Implement an exponential moving average. That is, given a decay rate a and an input tensor of length T, create a new length T tensor where new[0] = input[0] and new[t] = a * new[t-1] + (1-a) * input[t] otherwise. Do not use tf.train.ExponentialMovingAverage.
Find a way to return the last element in 4. without using loops. That is, return new[T] only – you don’t need to compute the other time steps (if you can avoid it).
Given three integer tensors x, y, z all of the same (arbitrary) shape, create a new tensor that takes values from y where x is even and from z where x is odd.
Given a tensor of arbitrary and unknown shape (but at least one dimension), return 100 if the last dimension has size > 100, 12 if the last dimension has size <= 100 and > 44, and return 0 otherwise.
As 7., but also create three global counts (integers), where count i should grow by 1 if condition i happened.
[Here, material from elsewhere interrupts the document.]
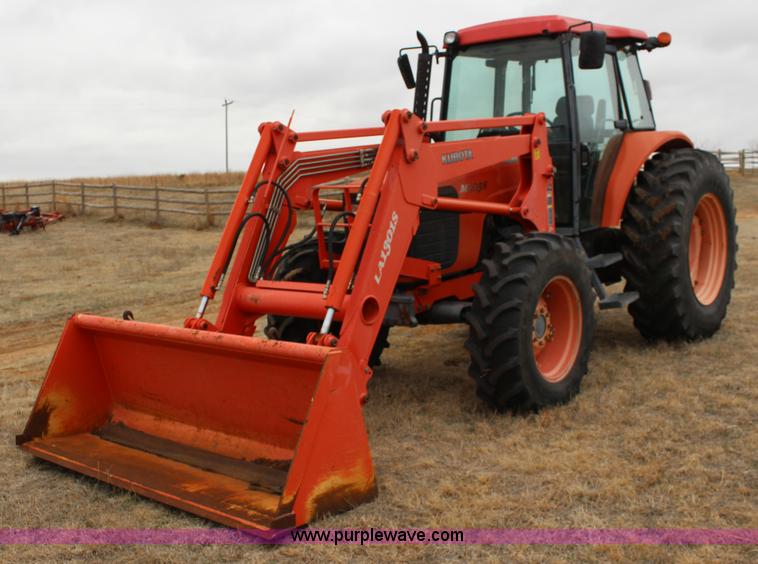image for item F7564 Kubota M105S MFWD tractor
Run the function from 7. multiple times to test whether your counting works. Now, add a @tf.function decorator to the function from 7. Does your counter still work? If not, why not? Can you change it so it does work?
Given two 1D tensors of equal length n, create a tensor of shape (n, n) where element i,j is the ith element of the first tensor minus the jth element of the second tensor. No loops! Hint: Tensorflow supports broadcasting much like numpy.
Implement dot product attention: You are given a sequence of encoder states h of shape batch x time x features and the last decoder state s of shape batch x features. Compute the attention weights alpha where alpha[:, i] is equal to h[:, i] * s where * is the dot product between vectors (in this case we also have a batch dimension so the dot product should be between the corresponding vectors within the batch). That is, alpha should be of shape batch x time and alpha[:, i] should contain the attention weights for encoder time step i.